Jan 13 2009
“Please, oh please, don’t call me a hippie!”
Five of us were sitting in the sauna. Earlier, I had seen two of them outside–twenty-ish males, apparent hippie types. One had shoulder-length hair parted carelessly in the middle and a goatee; the other had his brown hair pulled back in a ponytail, a mustache and a small earring in his left earlobe. They had walked back in behind me. Now I found myself wanting to ask the second, who sat beside me, a question: How did he feel about the word hippie? So, politely as possible, I asked.
He said that no, he didn’t think he was a hippie. “Do you find the term offensive?” I asked. “I mean, if other people call you a hippie, how do you feel about that?”
“Oh,” he shrugged, “it doesn’t bother me.”
“So, what do you call yourself?” I asked.
“A gypsy,” he said in a practiced manner.
“A gypsy?” I asked. “Do you have any gypsy blood in you?”
“No,” he said somewhat defensively, “but when I was little my parents moved around a lot.” This struck me as strange; after all, lots of people moved around a lot when they were kids–“army brats” are a good example. So why call himself a “gypsy”? He mentioned that he had some Puerto Rican ancestry, but I suppose calling himself a Puerto Rican wouldn’t have explained the ponytail and the earring, and somehow, he thought “gypsy” did.
“You know, I consider myself a hippie,” I offered, wanting to be sure he didn’t perceive me as a threatening outsider or a bigot.
“Do you think I’m a hippie?” he asked.
“Based on your long hair, facial hair and earring,” I replied, “yeah, I suppose I would. If we gave a photo of you to a cross section of 100 Americans,“ I continued, “and asked each to give five words describing you, I’d bet that for at least 95, one of those five words would be hippie.”
Sounding ever more defensive, he retorted, “Hey, having long hair and an earring doesn’t make me a hippie!”
“If you were of some other distinctive ethnicity where males wore long hair–say Native American–that might make sense, but given that you‘re not, I think it’s reasonable to see you as a hippie type.”
“Well,” he responded, “if those people saw me with my gold chains on (he raised his hands to indicate a necklace), they wouldn’t say that.” That having a few not identifiably hippie characteristics would mean people wouldn’t see him as hippie stuck me as a weak argument, but I didn’t press the point: I could see he was getting upset; the conversation soon ended.
Were this an isolated incident, it wouldn’t be important. But I’ve seen similar resentful responses many a time. And the “gypsy” thing is also relatively common: hippie types often call themselves gypsy or something similar–“just a hippie gypsy,” to use Pete Townshend’s phrase (“Goin’ Mobile” off of Who’s Next).
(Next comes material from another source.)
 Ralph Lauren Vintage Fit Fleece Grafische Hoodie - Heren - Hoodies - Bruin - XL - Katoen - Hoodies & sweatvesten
Since gypsies are an ethnicity, what we have here is a sort of displaced ethnic identity–Don’t call me hippie; call me gypsy, instead. This as if gypsy conferred more legitimacy than hippie; certainly, this would describe how our sauna acquaintance seemed to feel. And when he said he didn’t find being called “hippie” offensive, I think he lied. How else can we explain his strained, slightly ridiculous and stubborn attempts to avoid that label?
Only an essentially ethnic approach seems to work; that is, members of disrespected ethnic groups, and especially those lacking any sort of opposing “pride” movement, are often ashamed of or in denial about their identity. Though gays and lesbians aren’t an ethnic group, their term “in the closet” would seem appropos here.
As we showed in our last blog entry, “The Most Important Secret,” the social status of hippies, specifically the far right’s ability to scapegoat the counterculture, to use it as a foil, has facilitated a national slide towards fascism. The antidote to that menacing power involves organizing the counterculture and defending its legitimate right to exist. So, how do you organize hippies if so many of them are terrified to admit, even to themselves, that they are indeed hippie? That’s what we’re up against. Only when we first learn to accept ourselves can we save our culture, our country and this world.